Can you imagine anything sorrier than the spectacle of CEOs of three of the great names in American industry, Chrysler, Ford (F), and General Motors (GM), trooping to Washington to ask for $25 billion in taxpayer money?
Pathetic. First of all, even if the bailout made economic sense (which it absolutely does not), $25 billion won't come close to fixing the automakers' problems. Rick Wagoner himself admits GM's share of the money would only carry the company through the first quarter, at most. So what exactly is the point?

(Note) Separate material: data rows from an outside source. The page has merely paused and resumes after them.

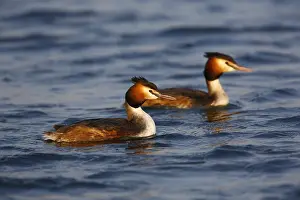 Images Dated 28th March 2020: Fuut; Great Crested Grebe;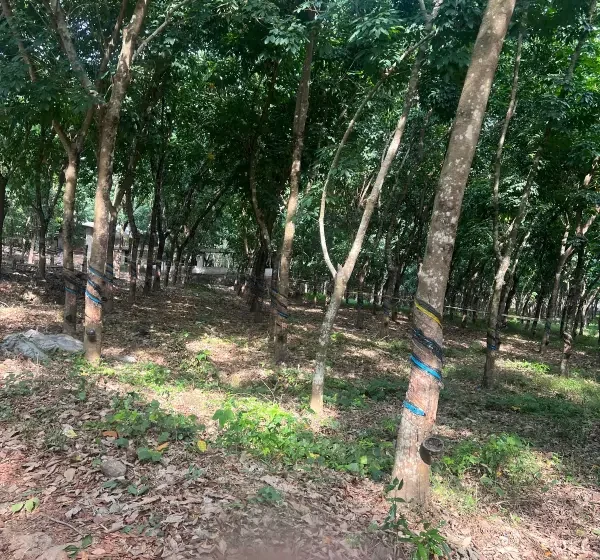 300 Acres Rubber Plantation Property – Udupi–Kundapur Estate Land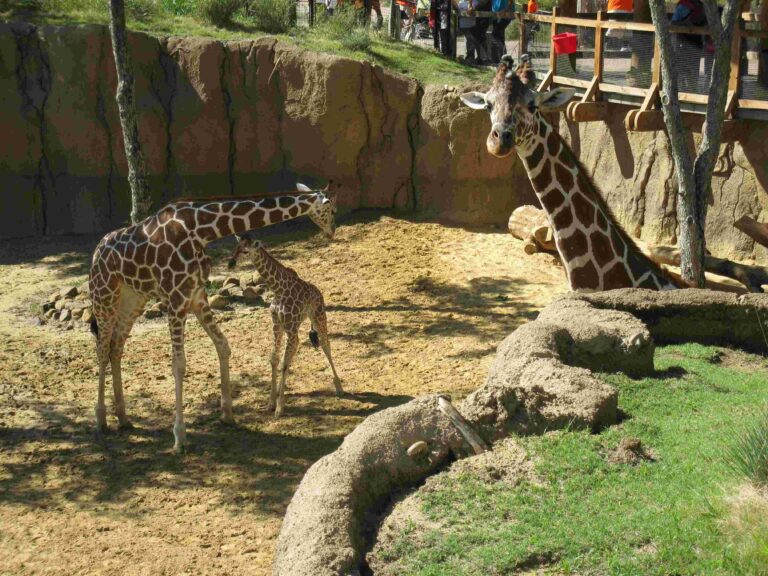 Dallas Zoo 19 10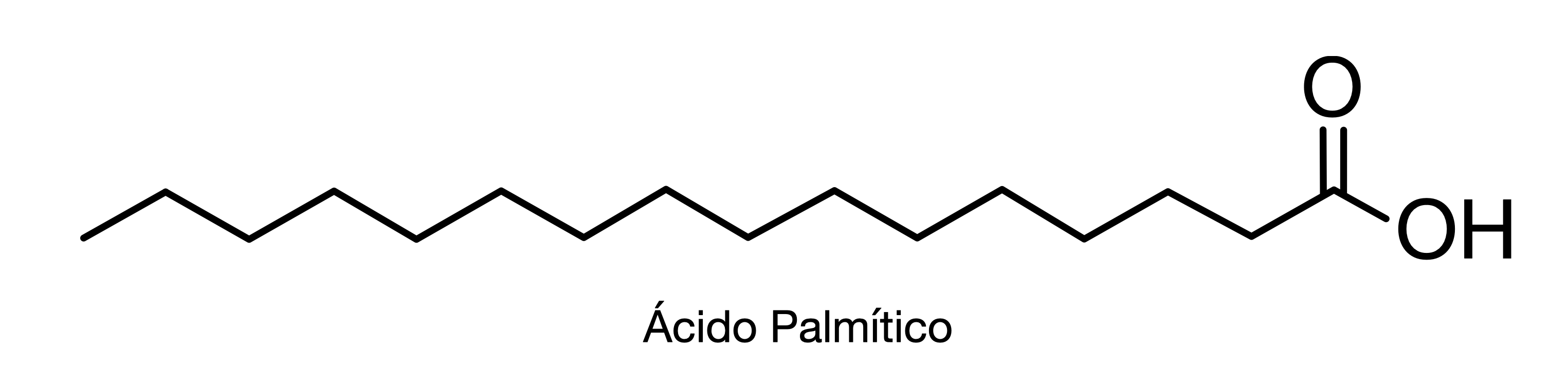 Ácido palmítico esquemático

Besides, what ails the auto industry isn't a lack of capital; what ails it is a cost structure so bloated that U.S. automakers are chronically uncompetitive. The Big 3 pay $2,900 per vehicle more to build a car, on average, than Japanese automakers do, according to Fortune. You won't be surprised to learn the major source of that cost gap, either: labor. Of the Big 3's $2,900 cost disadvantage, $1,600 pays for gold-plated health care for workers and retirees, while restrictive work rules add another $600 or so. And have you heard of the "jobs bank"? It pays laid-off autoworkers 95% of their regular pay, plus benefits, to sit around and do nothing.
And the Big 3's CEOs expect taxpayers to subsidize that?
Critics argue that U.S.-made cars are hopelessly uncompetitive. That's wrong. U.S. auto designers are among the best in the world. (Many Japanese automakers rely on them.) And U.S. auto workers can be among the most productive in the world. Non-union U.S. plants operated by non-U.S. manufacturers such as Mercedes-Benz and Toyota turn out vehicles of extremely high quality.
The Big 3's problems would fix themselves, therefore, if only the companies could get out from under their crushing labor obligations. In the meantime, virtually no amount of bailout money would do much good.
Investing in these companies without a complete change of their business model, their managements, and labor contracts is totally hopeless. Only one alternative makes sense: reorganization in bankruptcy, including comprehensive labor cost relief. The only way the government can truly help the industry is by assisting in such a reorganization, and ensuring the companies emerge from it with a clean slate.
But a cash bailout in the meantime? Congress might as well light a $25 billion bonfire in front of the Capitol.